- [Records excerpted from a collection]
################
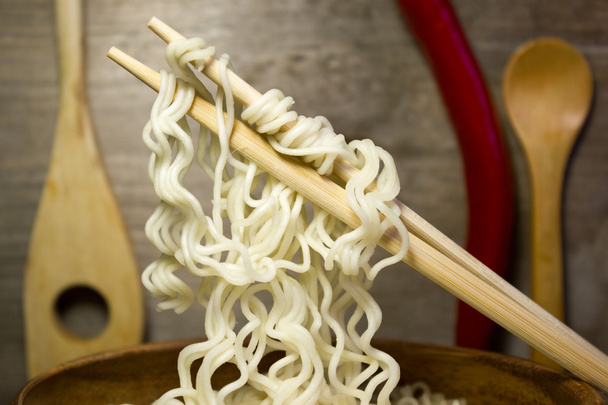 Instant noodles in a wooden bowl with chopsticks. Wooden background and red pepper. - Photo, Image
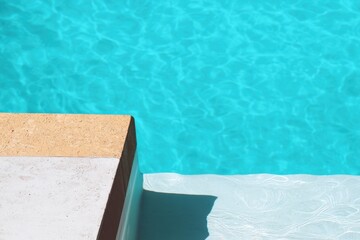 Cool turquoise water ripples gently near a sunlit poolside in a tranquil setting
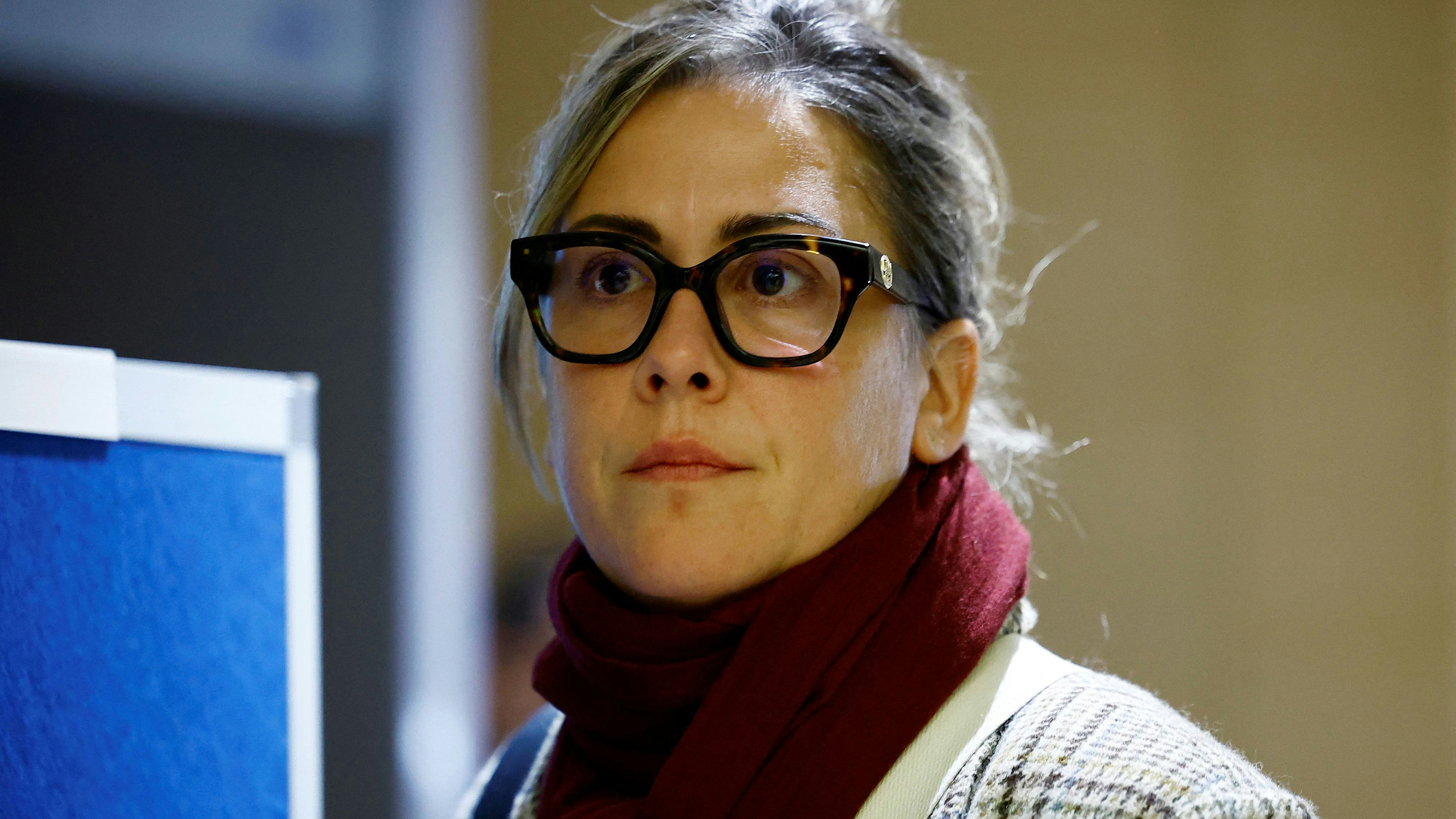 Caroline Darian, the daugther of Frenchwoman Gisele Pelicot, the victim of an alleged mass rape orchestrated by her husband Dominique Pelicot at their home in the southern French town of Mazan, leaves after a hearing in the trial of Dominique Pelicot with 50 co-accused, at the courthouse in Avignon, France, November 19, 2024. 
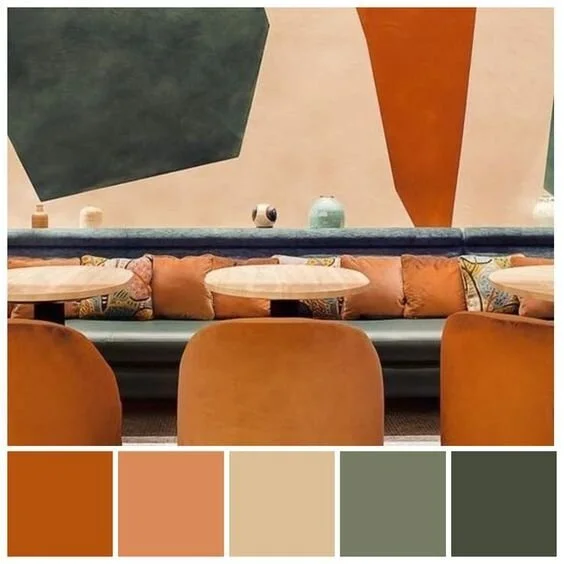 Warm orange seating and geometric wall colours with coordinated palette swatches.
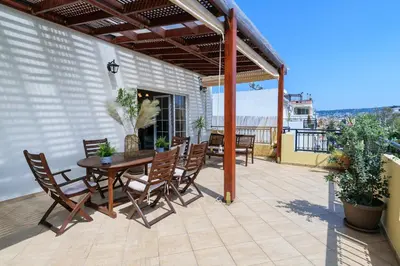 a patio with a table and chairs on a balcony at Central penthouse in quiet neighborhood near sandy beach in Chania Town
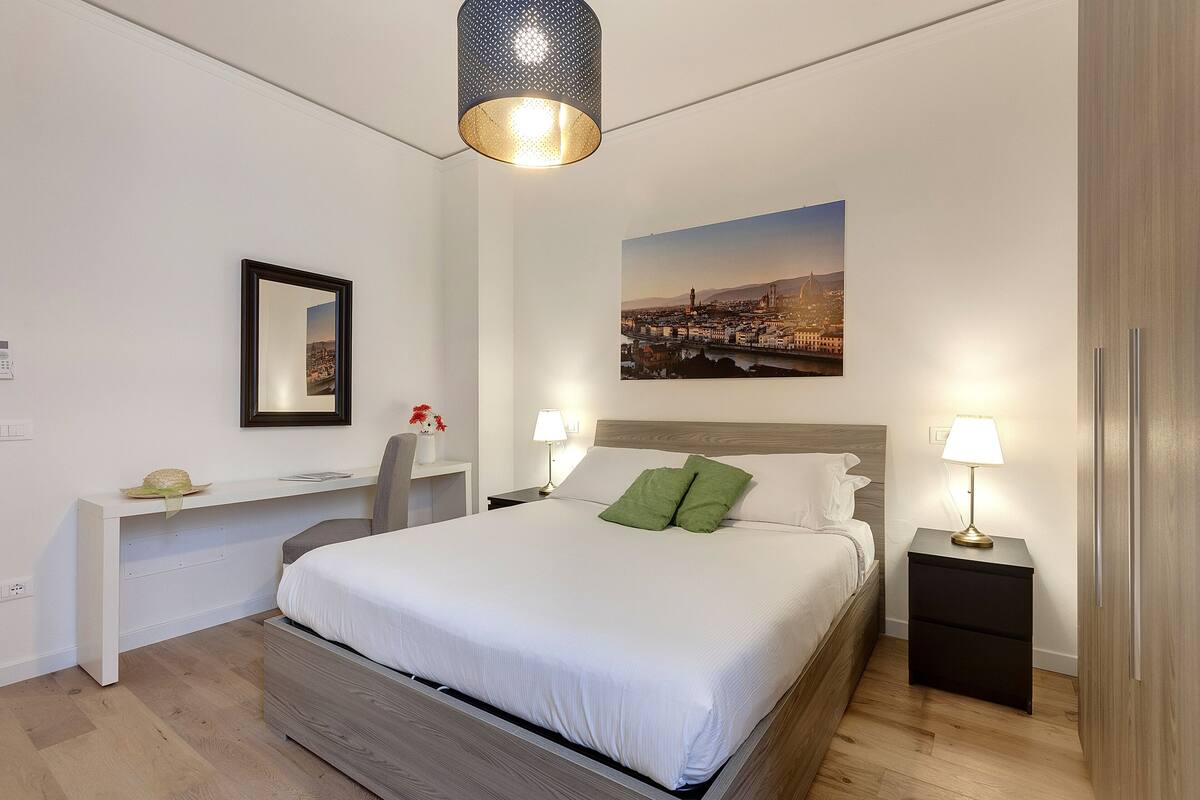 A neatly arranged bedroom with a bed, bedside tables, a nightstand, a wall-mounted lamp, and a cityscape picture.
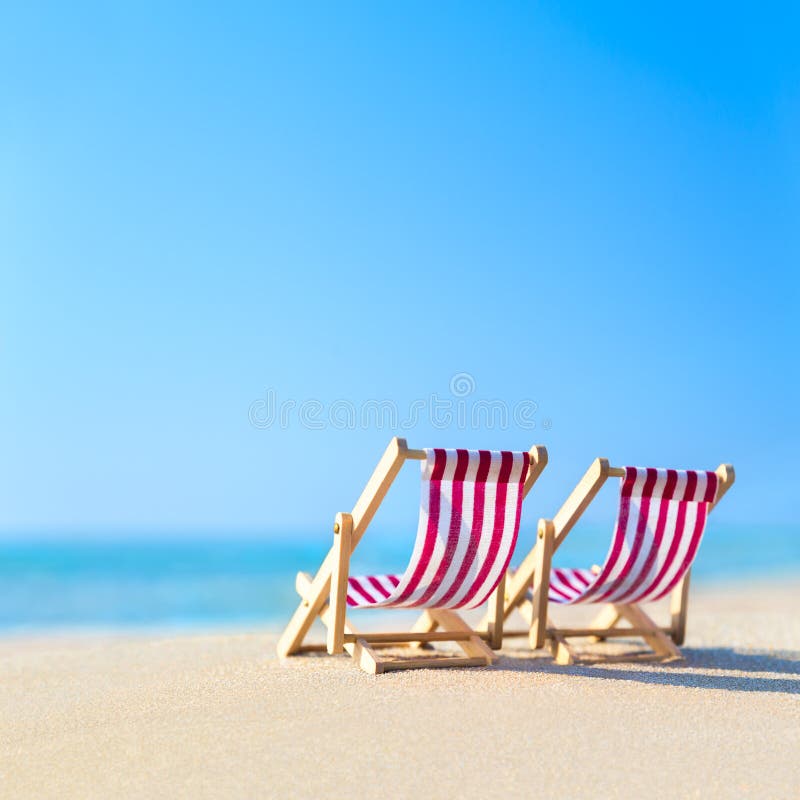 Due hanno barrato i lettini bianchi rosso alla spiaggia tropicale sabbiosa dell'oceano nella h fotografia stock libera da diritti Due hanno barrato i lettini bianchi rosso alla spiaggia tropicale sabbiosa dell'oceano nella h fotografia stock libera da diritti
################
- [What you will do]
Copy exactly the lines from the one containing "a patio with" through the last line of the records above, including both, and omit every picture.

- [Answer to the problem]
 a patio with a table and chairs on a balcony at Central penthouse in quiet neighborhood near sandy beach in Chania Town
 A neatly arranged bedroom with a bed, bedside tables, a nightstand, a wall-mounted lamp, and a cityscape picture.
 Due hanno barrato i lettini bianchi rosso alla spiaggia tropicale sabbiosa dell'oceano nella h fotografia stock libera da diritti Due hanno barrato i lettini bianchi rosso alla spiaggia tropicale sabbiosa dell'oceano nella h fotografia stock libera da diritti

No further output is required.